Assignment -> There are pictures in the records below; leave them out and set down exactly the lines from the one holding "Поэзия. Проза. Современники о Фете Поэзия." through the one holding "StatTrak™ UMP-45 |".

Materials provided ->
▬▬▬

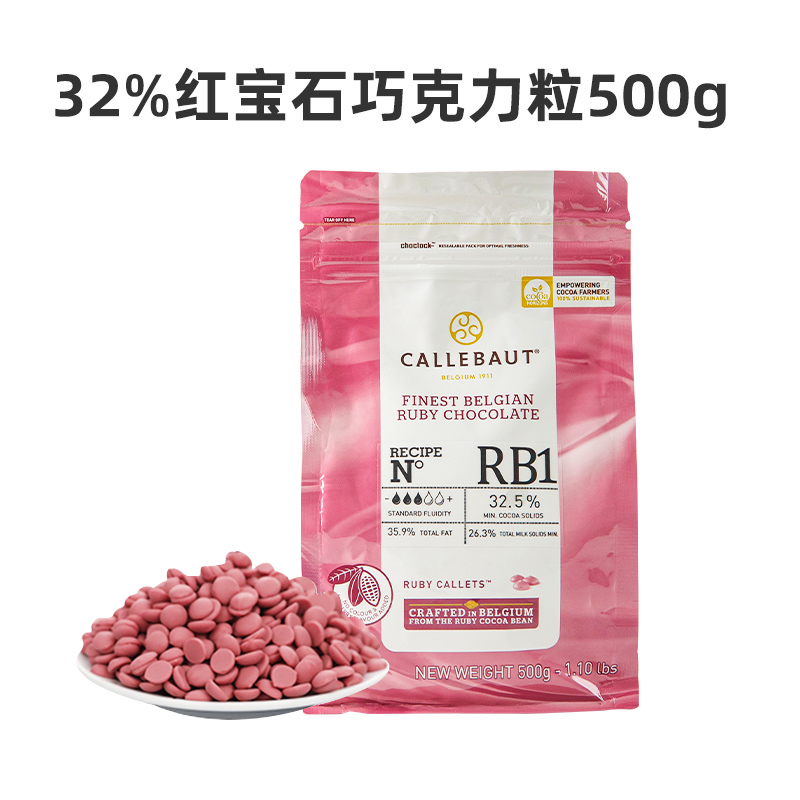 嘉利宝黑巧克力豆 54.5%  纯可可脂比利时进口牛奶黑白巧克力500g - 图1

▬▬▬

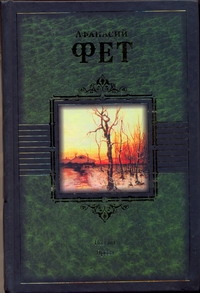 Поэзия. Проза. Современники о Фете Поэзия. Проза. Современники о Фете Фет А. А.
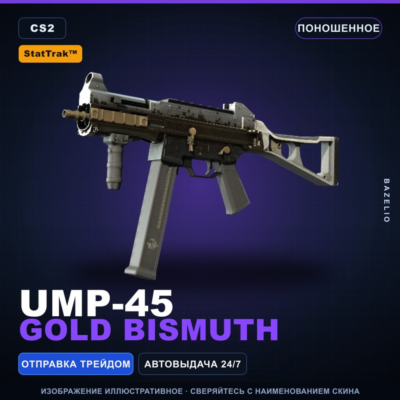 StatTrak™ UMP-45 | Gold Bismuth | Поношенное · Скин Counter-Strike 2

▬▬▬

Exercise result ->
 Поэзия. Проза. Современники о Фете Поэзия. Проза. Современники о Фете Фет А. А.
 StatTrak™ UMP-45 | Gold Bismuth | Поношенное · Скин Counter-Strike 2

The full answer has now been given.